## Extracted information

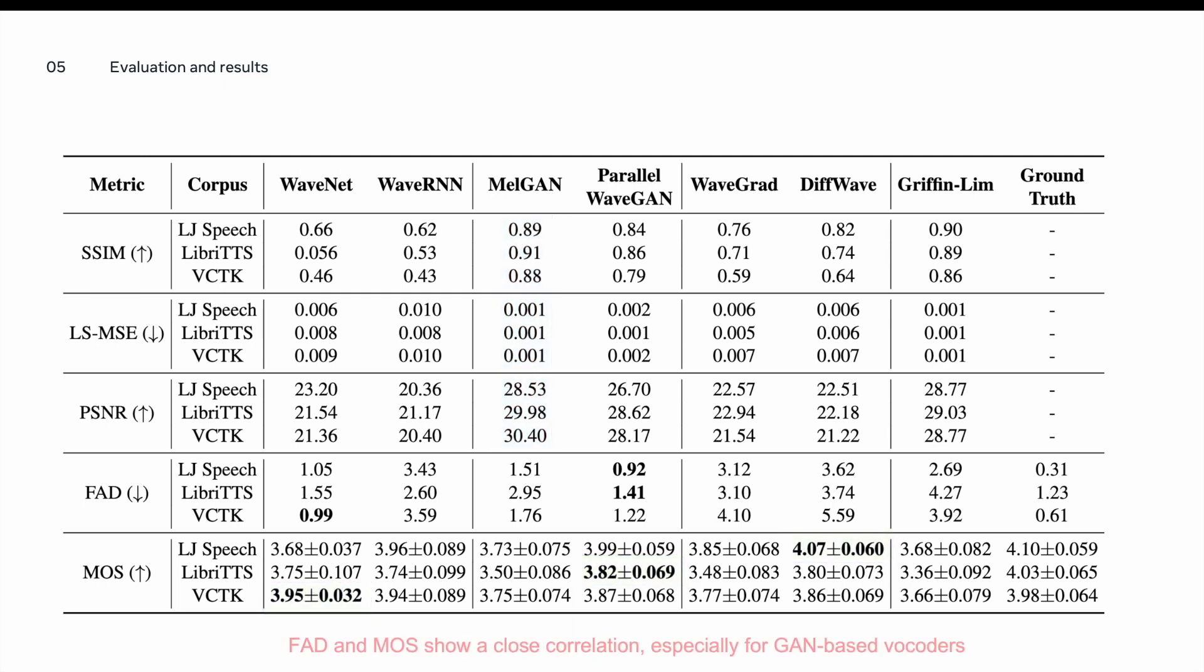The second observation we have is that FAD tends to correlate to some extent with MOS results, especially for GAN-based vocoders. For instance, the best-performing vocoder from FAD perspective are WaveNet and Parallel WaveGAN. Looking into MOS results, we see WaveNet, Parallel WaveGAN, and DiffWave.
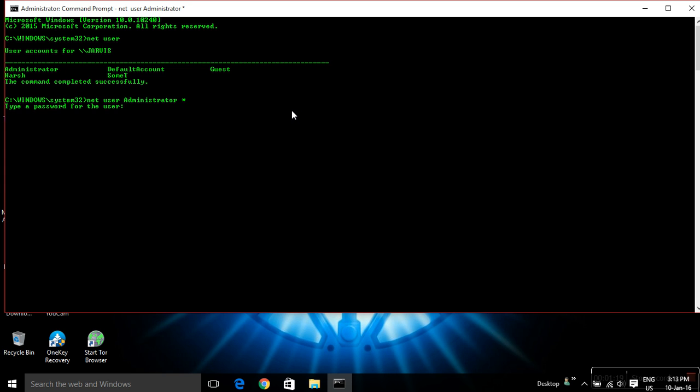It will ask for a new password. Just put a new password, whatever password you want. The password you type will not be showing up as you type it, but be sure that it's being typed.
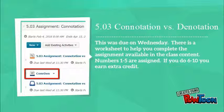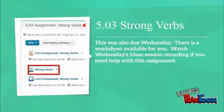On Wednesday we went over the Connotation vs. Denotation assignment. There's a worksheet available to help you complete it in the class content. Numbers 1–5 are assigned; 6–10 are optional for extra credit. Also due on Wednesday was your Strong Verbs assignment. There's a worksheet available for that too, so make sure to watch the 10am session recording if you need help to complete it.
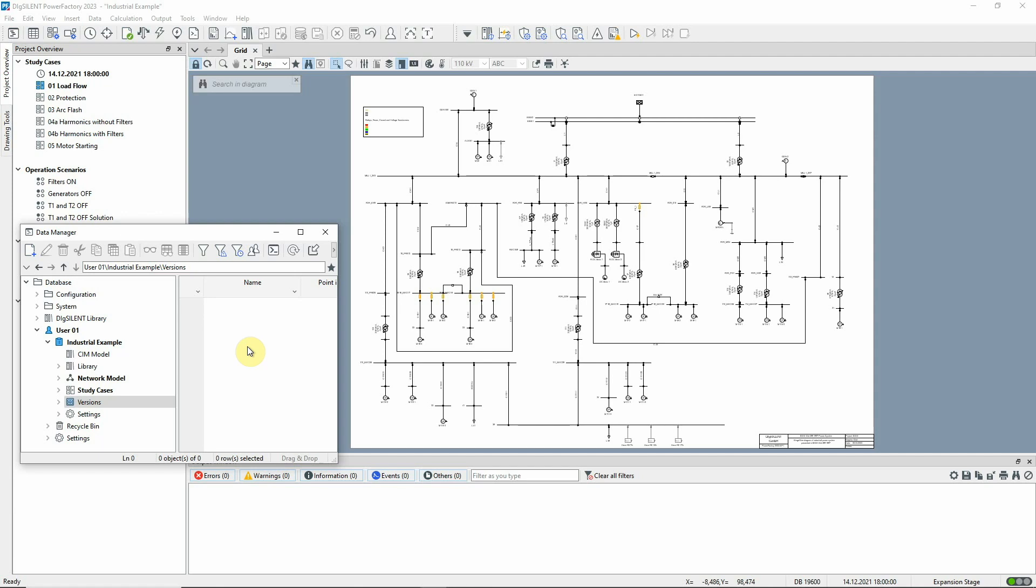Put simply, a version in a project holds the project state as it was at a particular point in time.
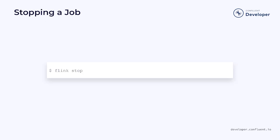However, if you want a more graceful shutdown, you can use the stop command. This requires a save point path and the job ID. When Flink receives this command, it will perform a graceful shutdown of the data streams and save their state into a save point file.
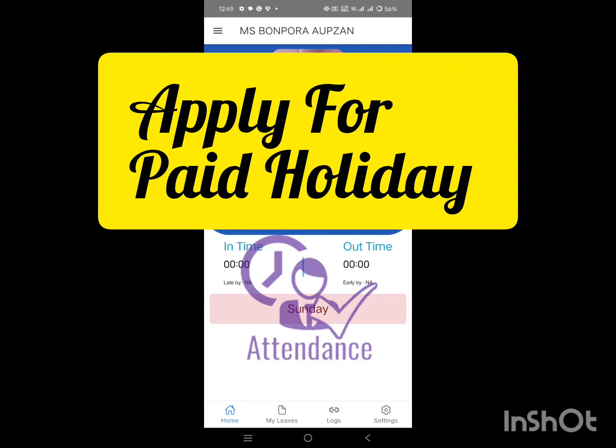Assalamualaikum everyone, welcome back to our channel. Today I am going to show you how to apply for paid holiday. Let's get started. First, open your attendance app and once you are logged in,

## What to work on
Write out every line above exactly as it is, leaving out the pictures.

## Reply to the task
The second observation we have is that FAD tends to correlate to some extent with MOS results, especially for GAN-based vocoders. For instance, the best-performing vocoder from FAD perspective are WaveNet and Parallel WaveGAN. Looking into MOS results, we see WaveNet, Parallel WaveGAN, and DiffWave.
It will ask for a new password. Just put a new password, whatever password you want. The password you type will not be showing up as you type it, but be sure that it's being typed.
On Wednesday we went over the Connotation vs. Denotation assignment. There's a worksheet available to help you complete it in the class content. Numbers 1–5 are assigned; 6–10 are optional for extra credit. Also due on Wednesday was your Strong Verbs assignment. There's a worksheet available for that too, so make sure to watch the 10am session recording if you need help to complete it.
Put simply, a version in a project holds the project state as it was at a particular point in time.
However, if you want a more graceful shutdown, you can use the stop command. This requires a save point path and the job ID. When Flink receives this command, it will perform a graceful shutdown of the data streams and save their state into a save point file.
Assalamualaikum everyone, welcome back to our channel. Today I am going to show you how to apply for paid holiday. Let's get started. First, open your attendance app and once you are logged in,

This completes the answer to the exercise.